(Crawled caption data)
-------------------------

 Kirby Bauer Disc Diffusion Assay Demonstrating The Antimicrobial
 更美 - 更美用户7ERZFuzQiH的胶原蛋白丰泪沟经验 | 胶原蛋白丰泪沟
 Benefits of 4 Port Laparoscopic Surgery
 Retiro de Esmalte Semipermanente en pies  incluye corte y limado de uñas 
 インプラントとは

-------------------------

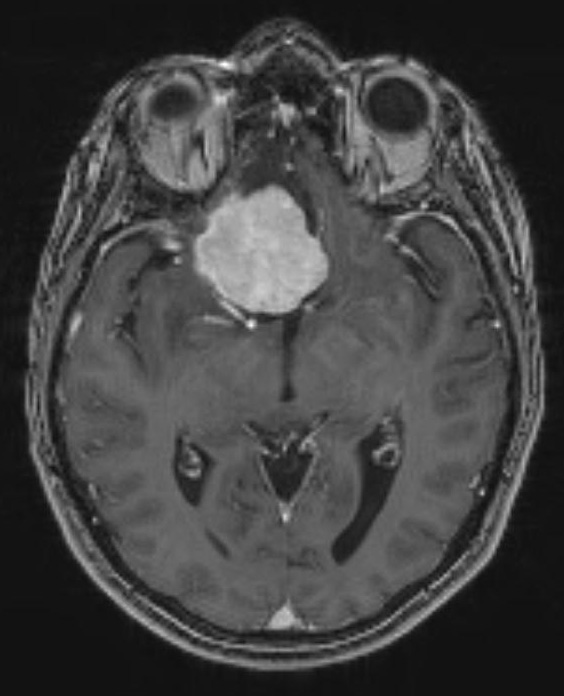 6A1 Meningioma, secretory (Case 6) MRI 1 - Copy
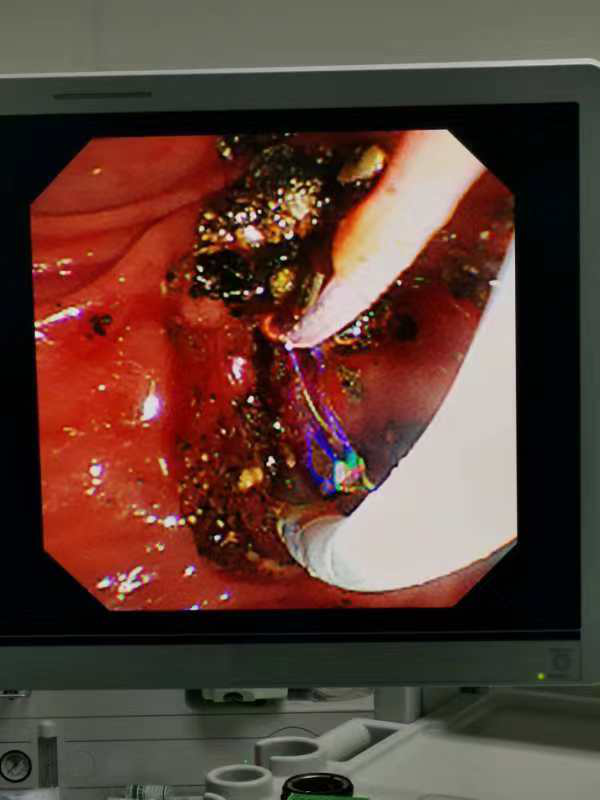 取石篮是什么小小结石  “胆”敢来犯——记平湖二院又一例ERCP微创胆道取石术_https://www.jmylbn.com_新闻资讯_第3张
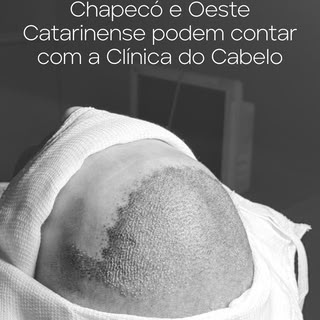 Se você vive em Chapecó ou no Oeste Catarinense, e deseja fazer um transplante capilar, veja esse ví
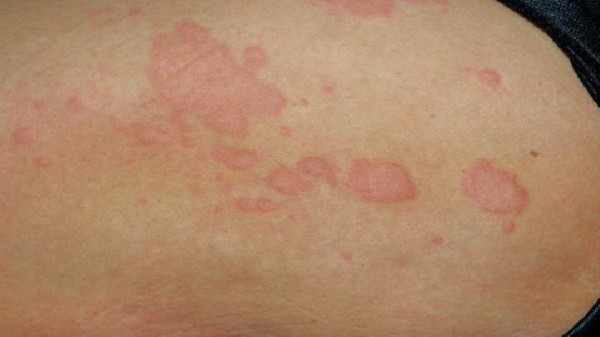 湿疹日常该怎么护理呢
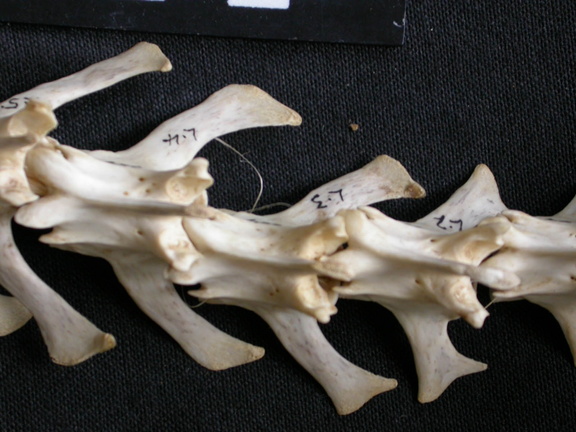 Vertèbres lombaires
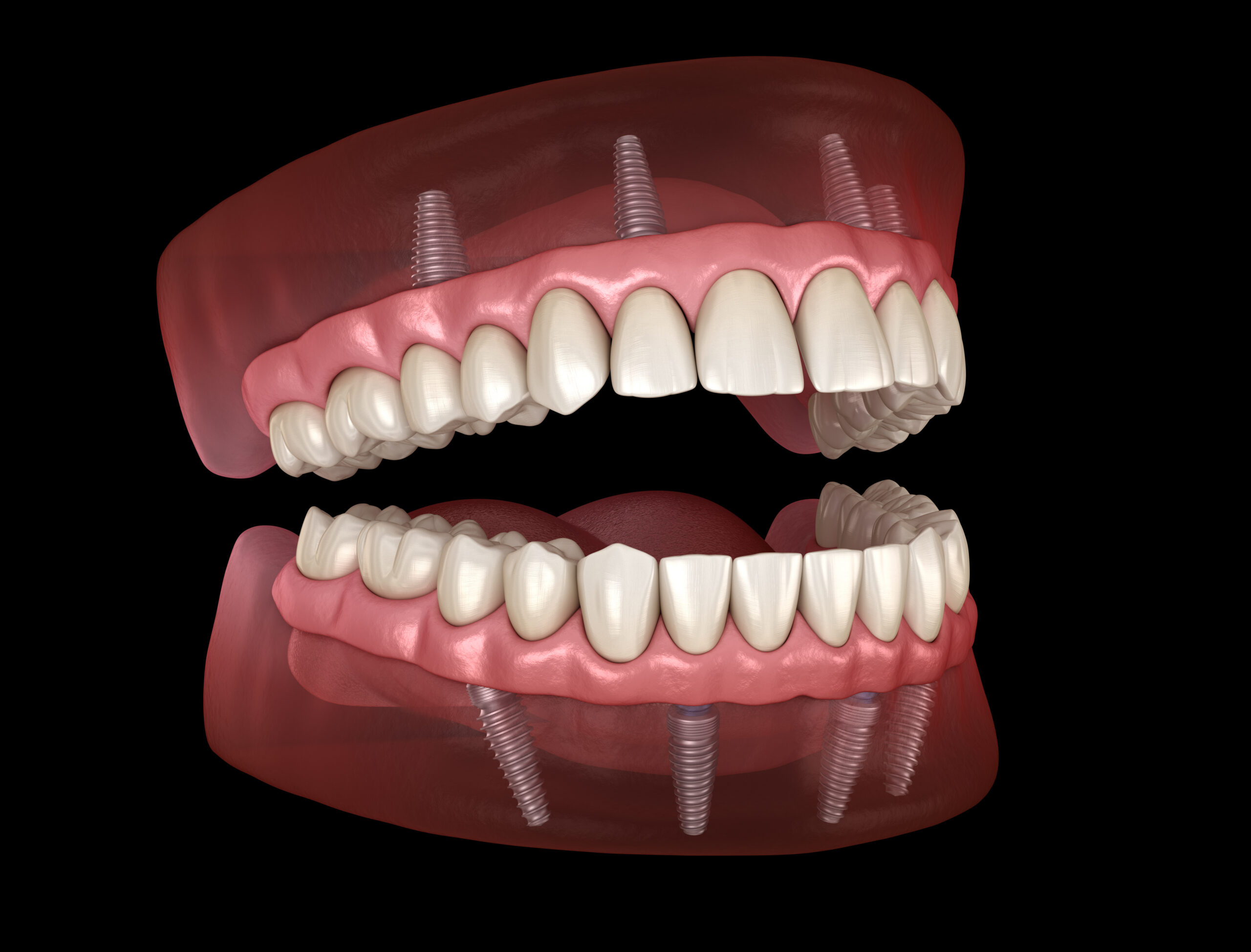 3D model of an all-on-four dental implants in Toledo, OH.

-------------------------

▸ To do
Please repeat, exactly as written, the lines in the records above, starting with the one that has "6A1 Meningioma, secretory" and going on through the one that has "3D model of". Pictures are to be left out.

▸ Solution to this problem
 6A1 Meningioma, secretory (Case 6) MRI 1 - Copy
 取石篮是什么小小结石  “胆”敢来犯——记平湖二院又一例ERCP微创胆道取石术_https://www.jmylbn.com_新闻资讯_第3张
 Se você vive em Chapecó ou no Oeste Catarinense, e deseja fazer um transplante capilar, veja esse ví
 湿疹日常该怎么护理呢
 Vertèbres lombaires
 3D model of an all-on-four dental implants in Toledo, OH.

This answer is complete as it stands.